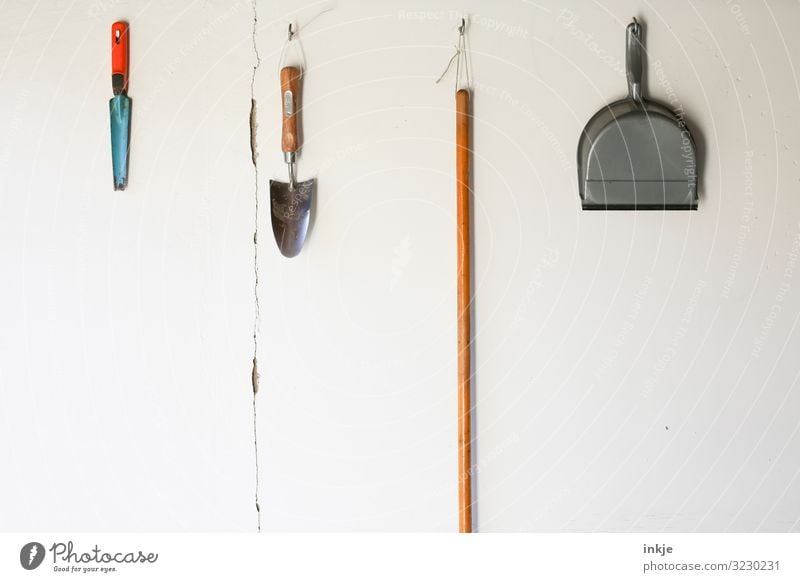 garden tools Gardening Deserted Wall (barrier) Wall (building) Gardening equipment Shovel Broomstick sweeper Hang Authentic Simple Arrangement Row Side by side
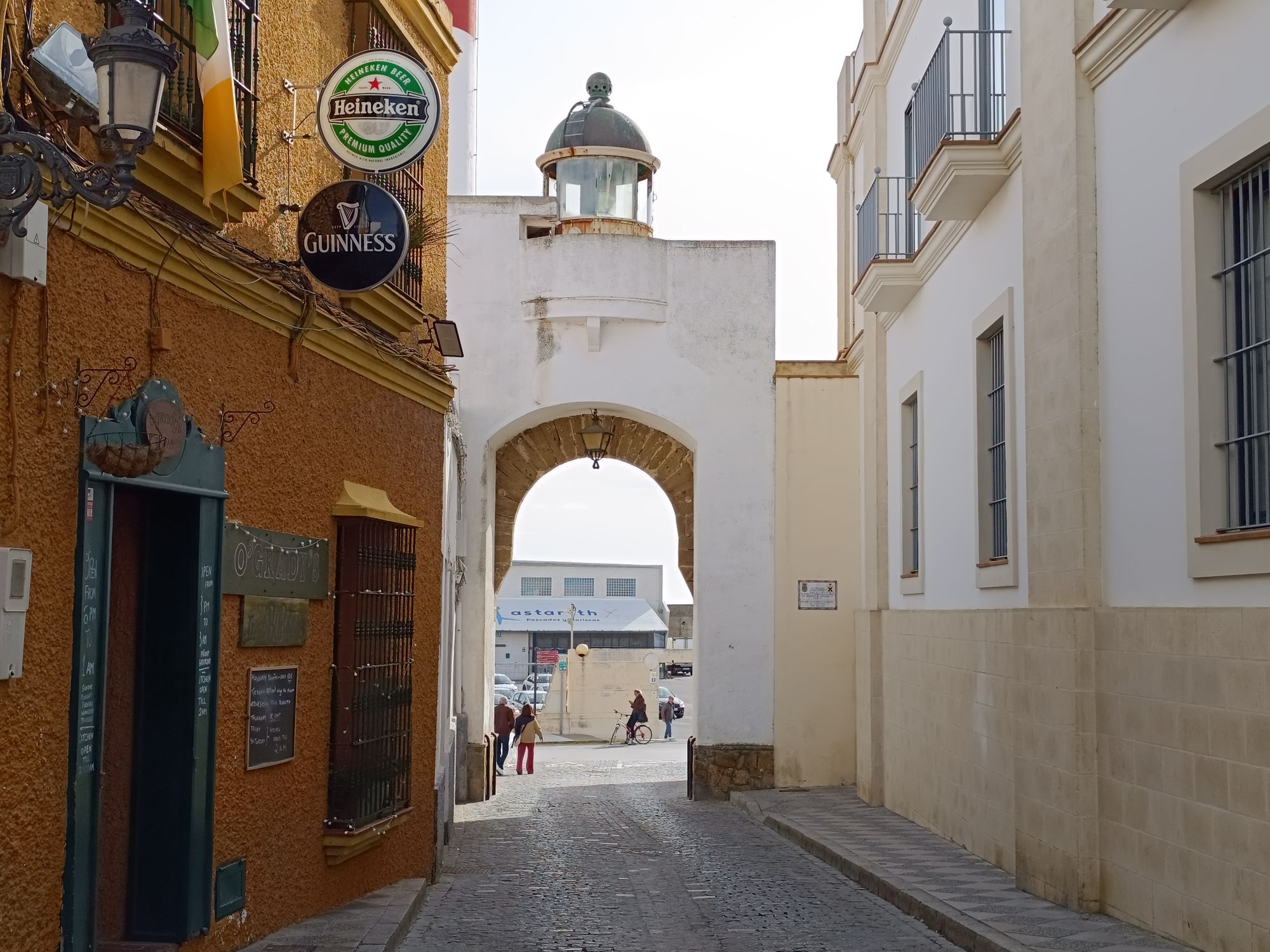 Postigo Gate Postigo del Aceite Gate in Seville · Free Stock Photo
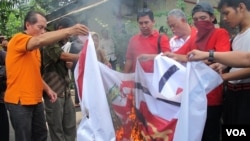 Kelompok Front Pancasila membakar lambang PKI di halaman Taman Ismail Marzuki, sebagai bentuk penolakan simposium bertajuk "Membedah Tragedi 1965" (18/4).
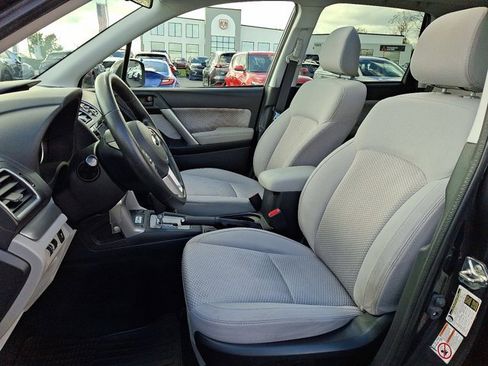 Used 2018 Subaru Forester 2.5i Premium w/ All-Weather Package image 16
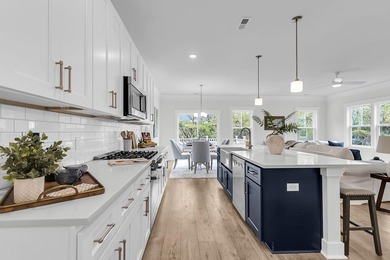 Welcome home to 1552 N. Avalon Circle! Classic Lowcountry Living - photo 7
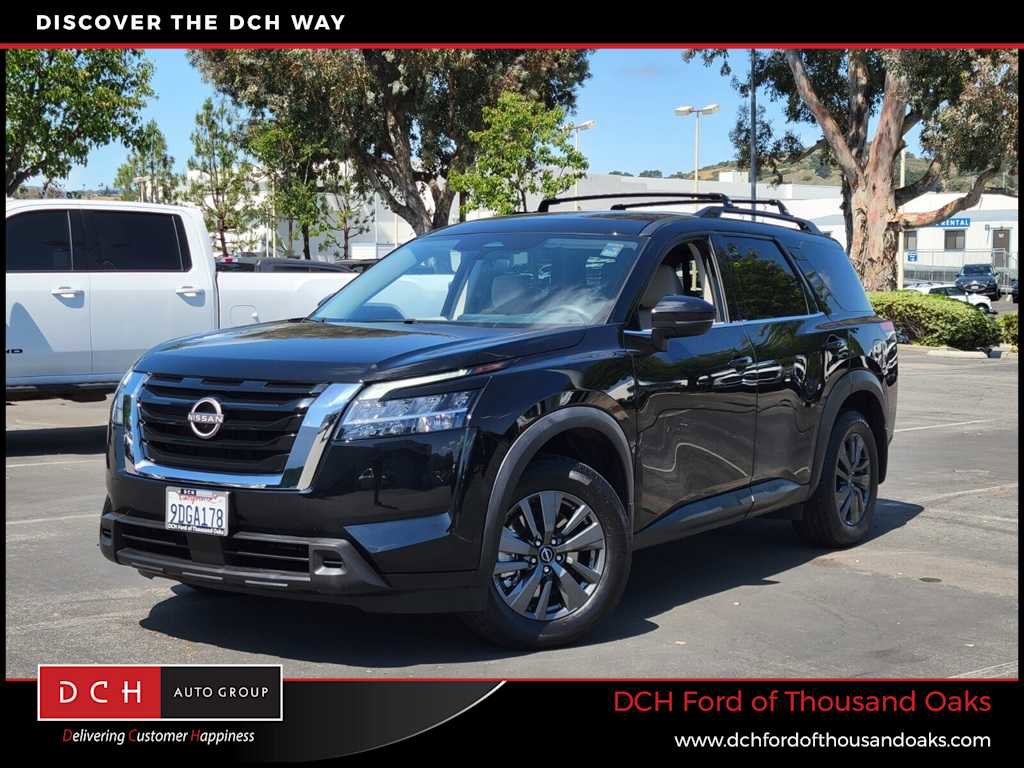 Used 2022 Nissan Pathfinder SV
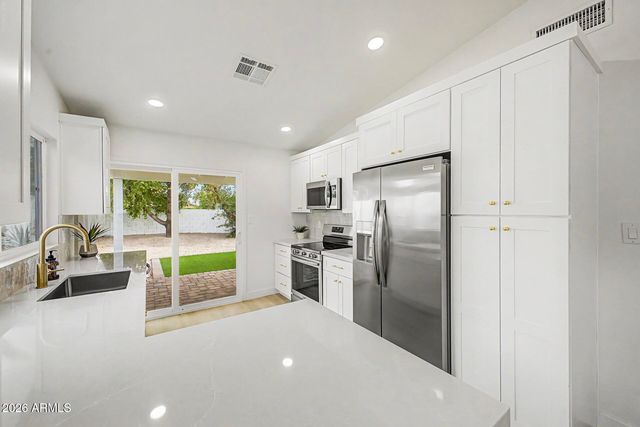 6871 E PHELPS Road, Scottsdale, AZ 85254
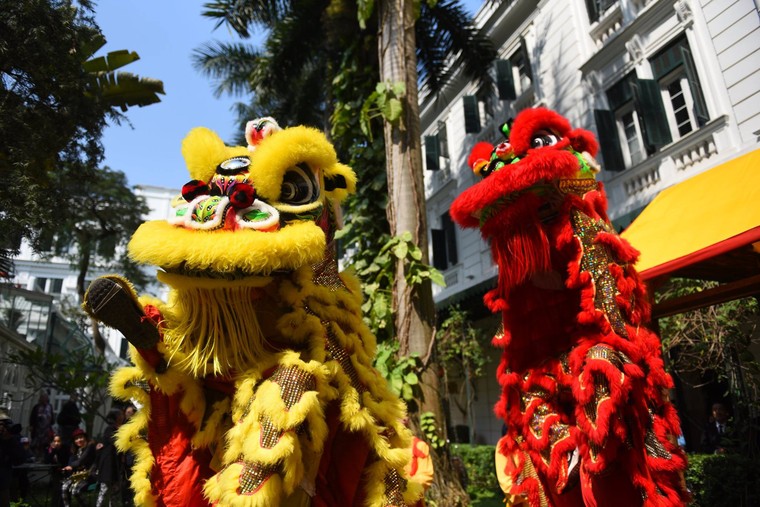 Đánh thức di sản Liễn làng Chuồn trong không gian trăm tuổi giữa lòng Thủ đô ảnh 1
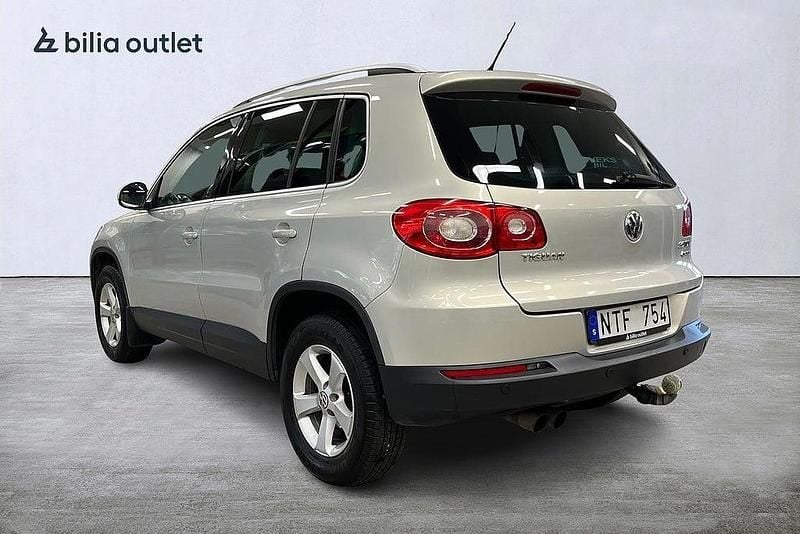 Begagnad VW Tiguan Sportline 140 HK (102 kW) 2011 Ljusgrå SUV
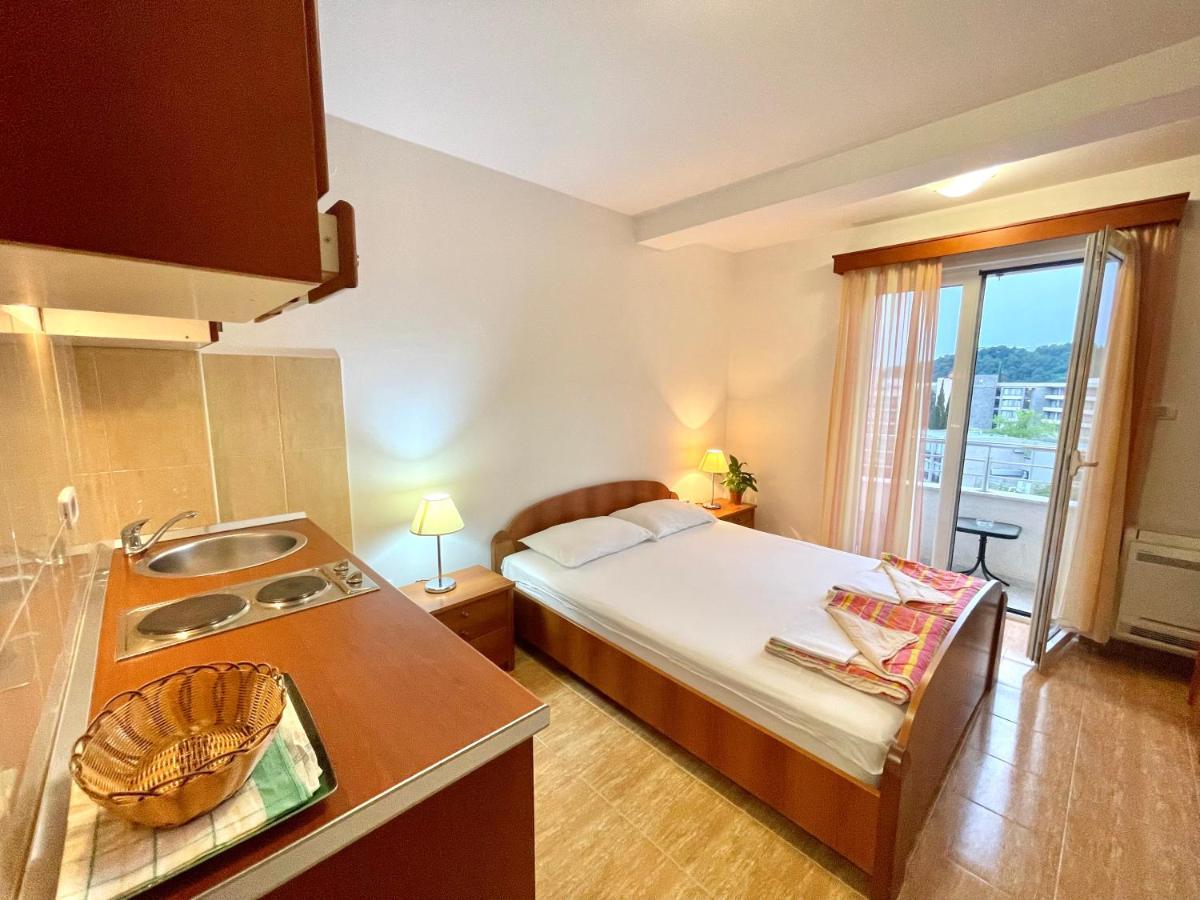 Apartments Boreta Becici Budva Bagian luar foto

__TASK REQUIREMENTS__. Ending at the line with "Postigo Gate Postigo", reproduce exactly the lines that begin at the top of the data, and include no pictures.

__FINISHED TASK__.
 garden tools Gardening Deserted Wall (barrier) Wall (building) Gardening equipment Shovel Broomstick sweeper Hang Authentic Simple Arrangement Row Side by side
 Postigo Gate Postigo del Aceite Gate in Seville · Free Stock Photo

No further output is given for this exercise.